Justice Amrita Sinha gave the order on Friday.
The test, which is to shortlist candidates for teachers’ jobs in government-aided primary schools, was held in 2021 following a notification in 2017.
Tina Mukhopadhyay, who wrote TET, sought a hard copy of the OMR from the board in April 2022 after she failed to clear the test.
Sudipta Dasgupta, a lawyer representing Mukhopadhyay, said they moved the court as the photocopy of the OMR that the board gave to Mukhopadhyay was not that of his client.

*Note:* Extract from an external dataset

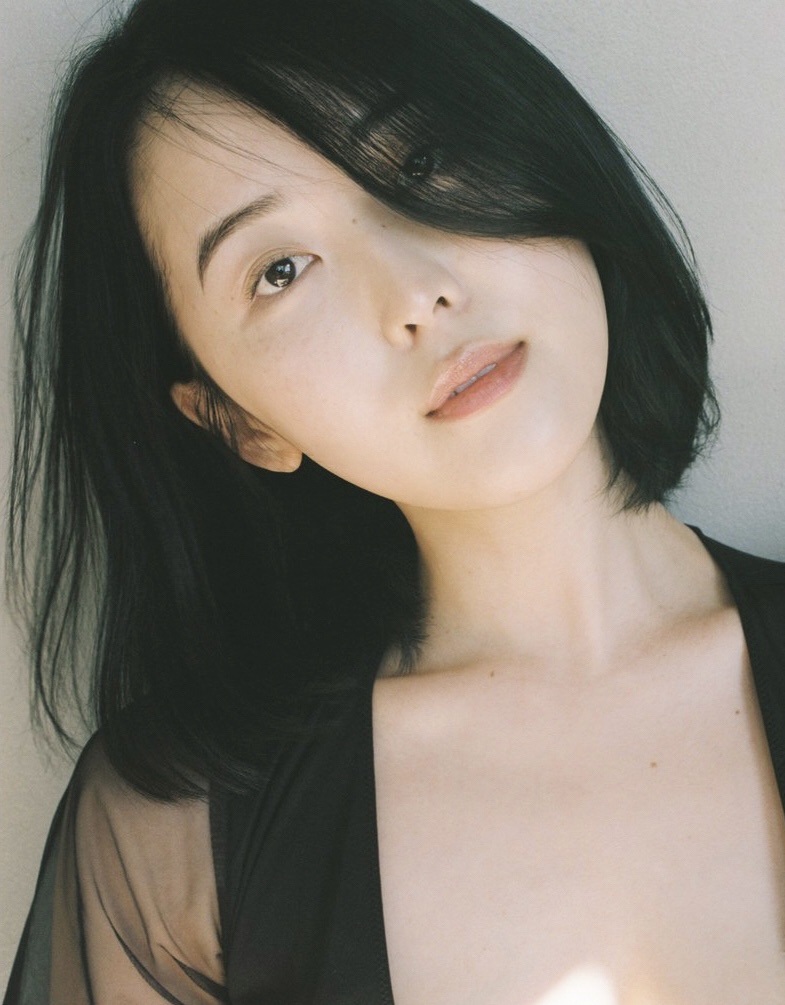 おしの沙羅　公式プロフィール写真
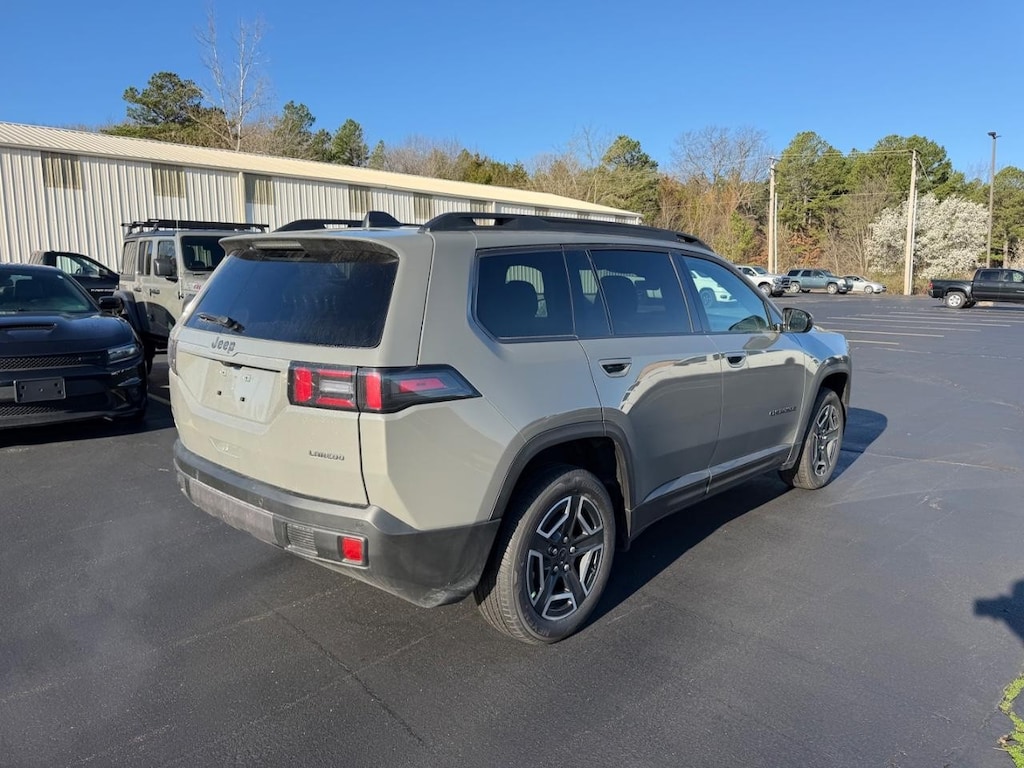 New 2026 Jeep Cherokee LAREDO 4X4 Sport Utility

The board on Friday placed before the court a resolution in which it stated that the hard copies of answer scripts of TET 2017, whose results were published on January 10, 2022, were destroyed under the instructions of the then board president, Manik Bhattacharya. A notice was issued by the board on January 20, 2022, which stated that it would issue OMR sheets of TET 2017 to applicants who would apply by April 19, 2022.
The copy of the resolution said: “In spite of this, as per verbal instruction of the then board president, a letter was issued to the confidential section obstructing a recycling of OMR sheets while only preserving the data digitally.”
“The members of the new committee expressed their dissent on the matter and noted that the decision of scrapping TET-20-17 OMR sheets was singularly taken by the then president without any resolution of the ad-hoc committee.”
The court on Friday asked the board to produce a digitized copy of the petitioner’s OMR.